* REQUIRED WORK *
Give again, word for word, the line holding "美联储会议纪要缺乏新意，黄金上行通道依旧完好" and every line after it through the end of the data below. Omit pictures.

* THE DATA *
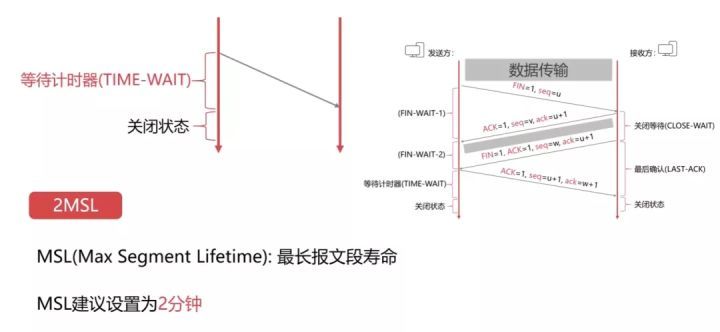 网络基础该从哪开始补？这36张图，一次性帮你搞定_服务器_30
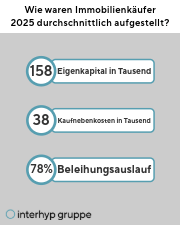 Wie waren Immobilienkäufer 2025 durchschnittlich aufgestellt? 158.000 Euro Eigenkapital, 38.000 Euro Kaufnebenkosten, 78 % Beleihungsauslauf.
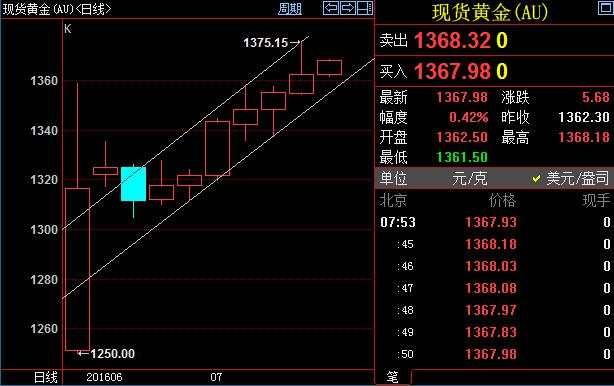 美联储会议纪要缺乏新意，黄金上行通道依旧完好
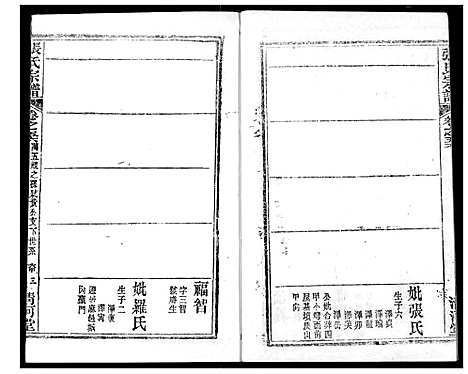 [张]张氏宗谱 (湖北) 张氏家谱_A079.pdf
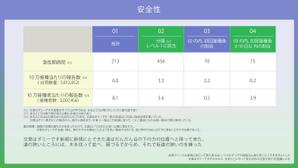 柳　愉遊 (yuyu_yanagi)さんのグラフ表組その他のレイアウト5枚（テンプレートAI有への提案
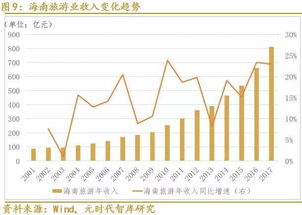 解碼海南房產熱 入境旅游數據背后的三大關鍵驅動力
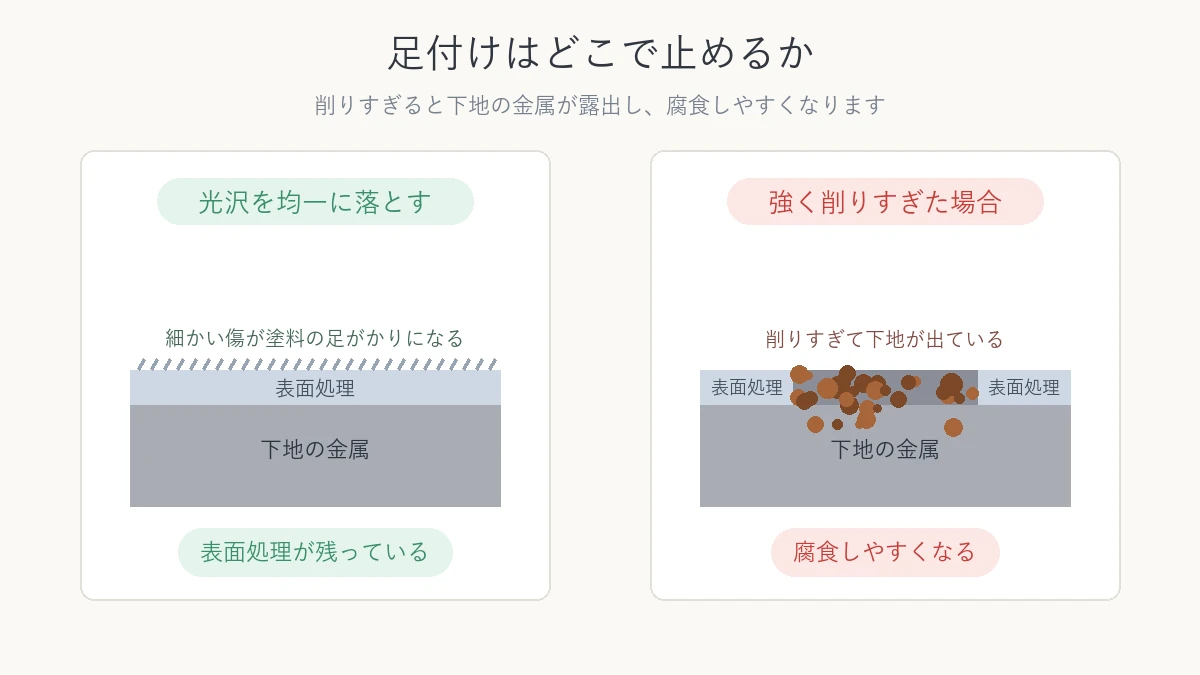 メッキの足付けが適切な場合と削りすぎた場合を比べた断面図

* EXERCISE SOLUTION *
 美联储会议纪要缺乏新意，黄金上行通道依旧完好
 [张]张氏宗谱 (湖北) 张氏家谱_A079.pdf
 柳　愉遊 (yuyu_yanagi)さんのグラフ表組その他のレイアウト5枚（テンプレートAI有への提案
 解碼海南房產熱 入境旅游數據背后的三大關鍵驅動力
 メッキの足付けが適切な場合と削りすぎた場合を比べた断面図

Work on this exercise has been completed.